At its inception, systems engineering faced a largely complicated world. This meant that even systems with large numbers of elements might be loosely connected at the system level. Elements and subsystems could be separately and serially engineered and then assembled into larger systems without a lot of interaction between their designers and the architects of the overall system. The looseness of the system couplings allowed systems engineers to get away with organizing their work in siloes, both among the systems engineering domains themselves and among the various disciplinary engineering sectors. Even the use of separate models reflected the discontinuity and disconnection of the design discipline. That was the world of MBSE 1.0.
That world has evolved and continues to do so at a rapid pace. The complicated has now become complex. Linear cause and effect has given way to loops and adaptation. Systems engineering itself must evolve to keep pace with the context. We have lost the luxury of indulging in loose coupling in the design elements and the disciplinary engineering gaps alike. No longer can the engineering of detailed designs take place in a disconnected and serial manner. Engineering must become connected and concurrent. Models must enable and embody that sense of connection. That evolution is MBSE 2.0.
One of the evolutionary struggles for systems engineering in general and model-based systems engineering in particular is figuring how to incorporate the disparate inputs into the system design while at the same time maintaining an integrated system-level view of the design. It is absolutely necessary to see all the facets and perspectives of the system design in order to understand how it will behave and how its behavior will (or will not) satisfy the needs that drive its creation. At the same time, the system-level view must account for and incorporate all of the relevant streams contributing to the design in order to provide an accurate, high-fidelity picture of the system’s functioning in its intended context.
In introducing MBSE 2.0, this presentation will address the importance of a proven systems metamodel in assuring the completeness and efficacy of the design model. The systems metamodel makes possible the holistic view of the design that is critical to producing an effective solution. It provides the map to take the design from what is known to what is not. In order to do that it must be robust and have a track record of proven success at providing the framework for describing the design in its “as is” and “to be” states.

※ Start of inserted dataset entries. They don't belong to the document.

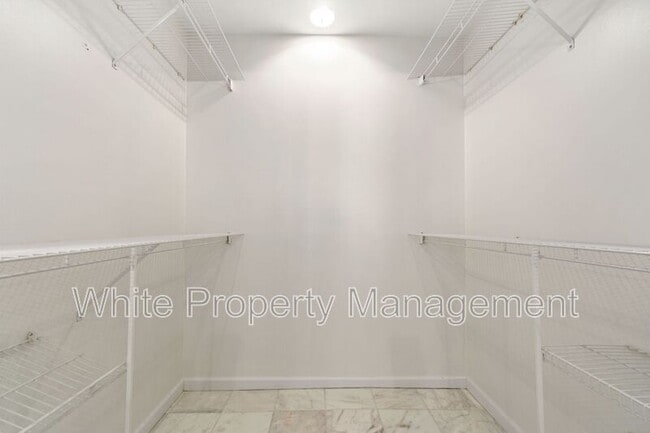 Building Photo - 9123 Kings Canyon Dr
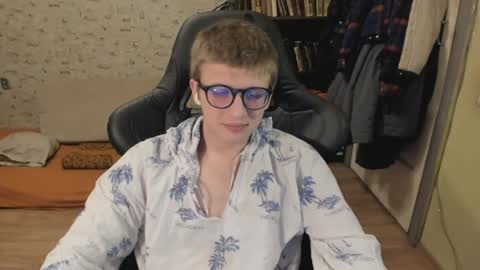 Snapshot of mortywithlove chatting on May 14, 2026, 5:53 pm Morty online show from May 14, 2026, 5:53 pm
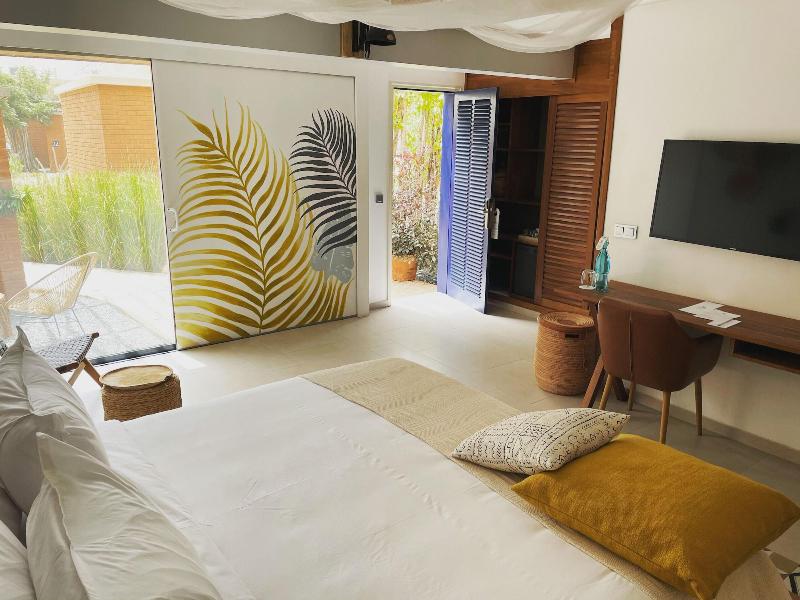 Hôtel Boma image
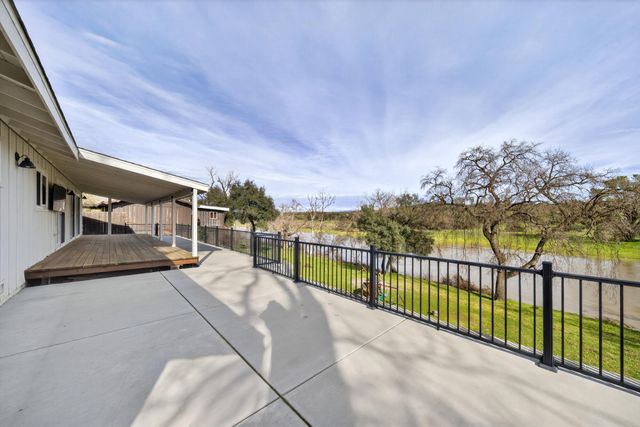 15470 China Rapids Drive, Red Bluff, CA 96080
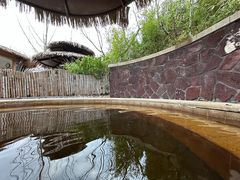-大连金石滩绿发温泉假日酒店
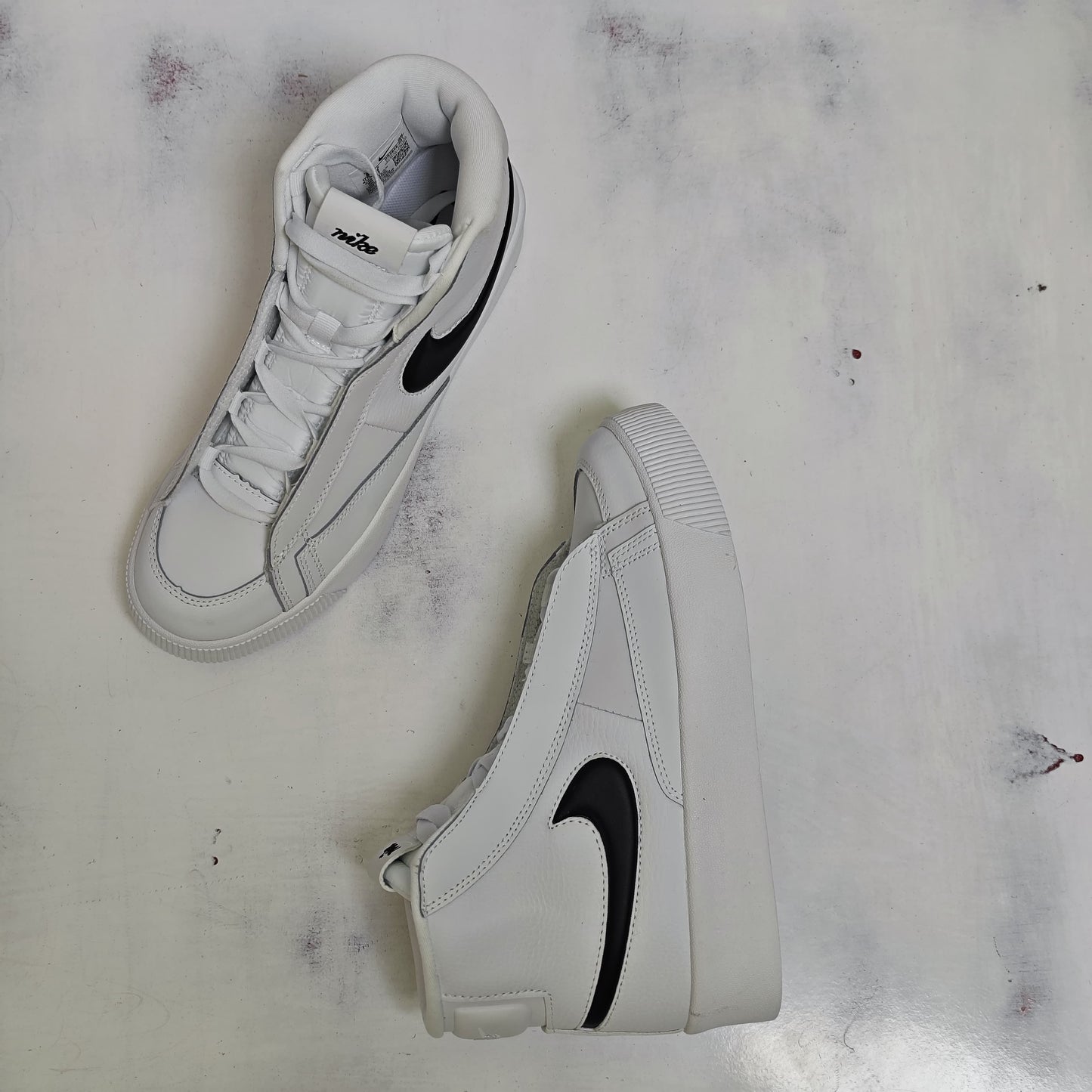 NKE BLAZER VICTORY OG WHITE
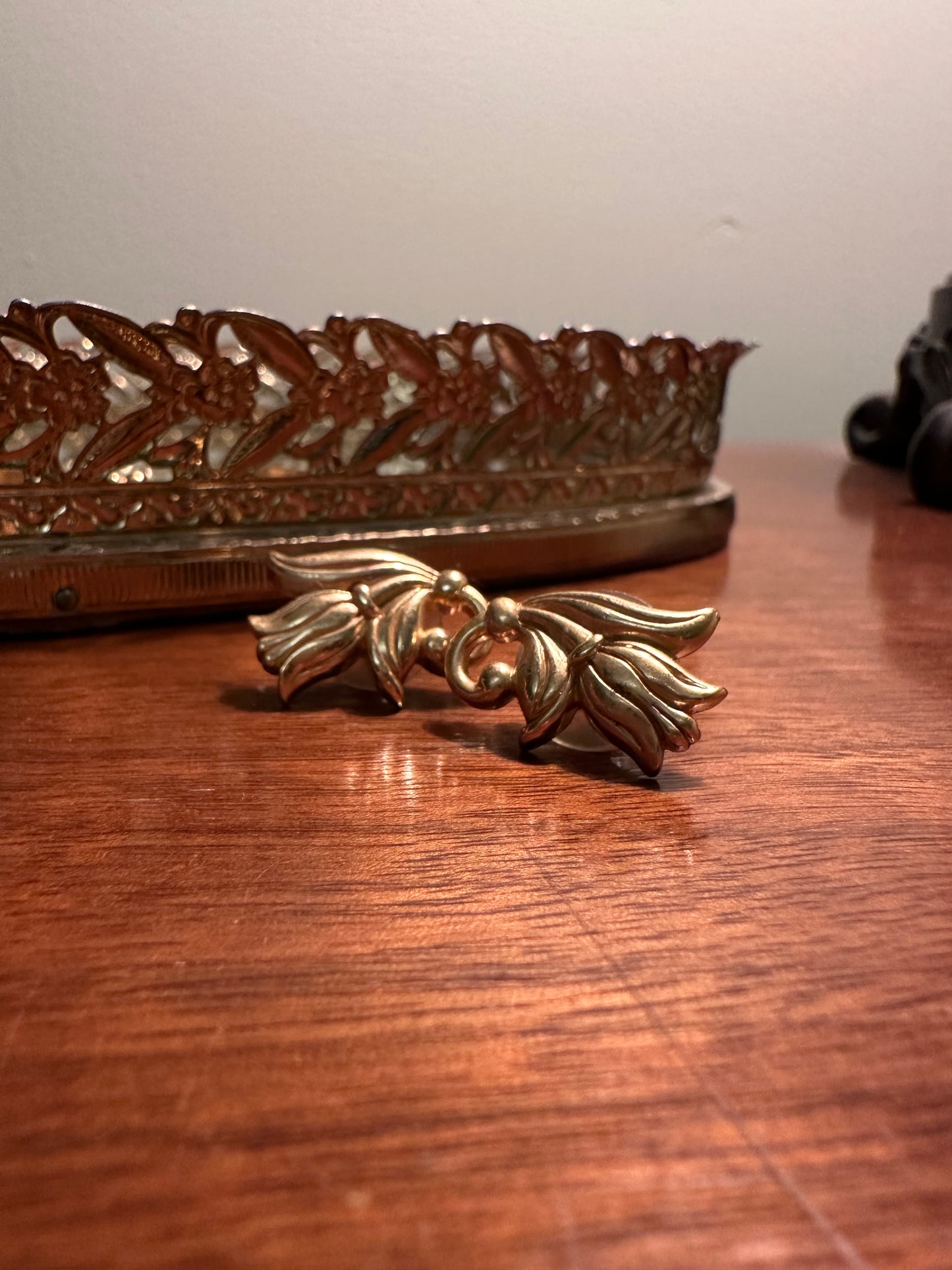 VINTAGE Gold Tone Flower Earrings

The challenge of connecting the variety of analytic and architectural models so that their critical insights can inform the design will also be a subject of discussion in this session. Concurrency in the engineering processes is critical both for the speed of delivery and for the “when needed” availability of engineering insights across the enterprise. Establishing the connective tissue that will allow connected and concurrent engineering is critical to the construction of a responsive and effective engineering enterprise. The session will explore the needs and mechanisms for making that happen.
MBSE 2.0 is a response to the challenge of complex, transdisciplinary problems. It will enable the systems engineer to evolve the engineering enterprise to position it for design success in a rapidly changing environment. This presentation will show the way along a path forward in that evolution.